EdjSports president Tim Hohn told Sports Illustrated in January that the company's recommendations are "wrong about 20 percent of the time by design, because we're playing probabilities." The firm's data show that teams following its recommendations over a full season have gained an average of 2.1 wins compared with teams ignoring them.
The Baltimore Ravens as Case Study
The Baltimore Ravens under coach John Harbaugh have been the most aggressive NFL team on fourth downs since 2019. The Ravens attempted 49 fourth-down conversions in the 2024 season, converting 66 percent — both figures top-five in the league. Harbaugh's aggression has evolved from anecdotal to fully analytical, with Ravens special-teams coordinator Randy Brown working directly with EdjSports.
Quarterback Lamar Jackson's mobility has factored into the Ravens' fourth-down success. On fourth-and-one-to-two situations, Baltimore converts 74 percent of the time, versus a league average of 58 percent, per Sports Info Solutions. Jackson himself has converted 23 of 28 designed fourth-down quarterback keeps over the past two seasons.
Punting Has Declined
NFL teams punted 2,184 times in the 2024 season, the lowest total since 1996. The decline has occurred despite a slight rise in overall offensive plays. Punt volume has fallen 18 percent since 2018, per Pro Football Reference, and the composition of punts has also changed — more directional punts targeting the sideline rather than short-field coffin corners.
The change has pressured punter value and contracts. Only three punters signed contracts with average annual value above $5 million in the 2025 offseason, compared with nine in 2020. AJ Cole of the Las Vegas Raiders signed the highest punter deal of the post-analytics era at $4.8 million per year.
Game-Theoretic Considerations
The increased aggression has forced opposing defenses to rebalance practice emphasis toward situational third-and-short and fourth-and-short scenarios. San Francisco 49ers defensive coordinator Robert Saleh, speaking at an MIT Sloan analytics conference in March, said his unit now spends "twice as much practice time on the red zone fourth-down look" as defenses did five years ago.
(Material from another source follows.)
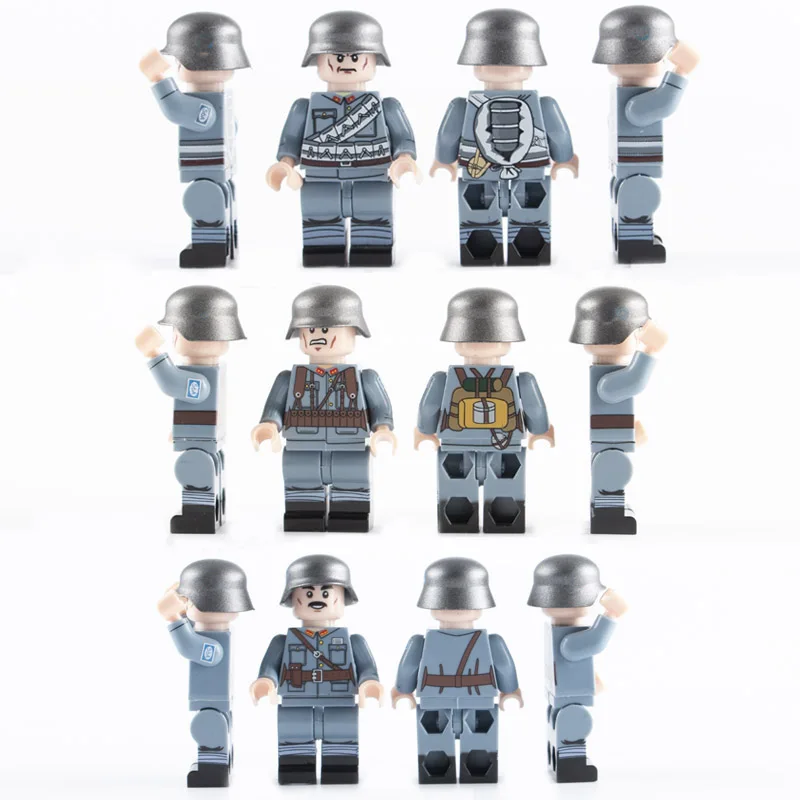 Военный солдат WW2 Minifigs Строительные блоки Набор немецкая армия шлем оружие стрелы совместимые части игрушек подарки для детей D097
The countermove suggests a meta-game dynamic: as offenses attempt more fourth downs, defenses adjust, which could in theory reduce future conversion rates. EdjSports's internal models incorporate defensive adjustments by tracking opposing team conversion rates after recent encounters. The current data do not yet show a meaningful adjustment effect.
The Kicking Reset
Field goal accuracy has reached record levels. NFL kickers made 85.4 percent of field goal attempts in 2024, the highest percentage in league history. Kickers have extended their range — 16 field goals of 60 or more yards were made in 2024, more than the total from 2001-2014 combined.
Justin Tucker of the Baltimore Ravens holds the NFL's all-time accuracy record at 88.2 percent across 14 seasons. Chris Boswell of the Pittsburgh Steelers was the most accurate in 2024, making 94.6 percent of attempts. The kicking improvement has extended field-goal viability to the opposing 40-yard line in domed stadiums.
Head Coach Hiring Implications
NFL franchises now screen head coaching candidates on their familiarity with analytical decision-making frameworks. The Chicago Bears, hiring Ben Johnson as head coach in January 2025, included a written case study on fourth-down decisions as part of the interview process. Johnson, a former Detroit Lions offensive coordinator, is associated with analytics-informed play-calling.
Analytics-oriented head coaches now constitute roughly 23 percent of NFL hires since 2020, compared with 8 percent in the 2010s, per analysis by Sports Illustrated. The profession's culture, long resistant to statistical integration, has transformed quickly.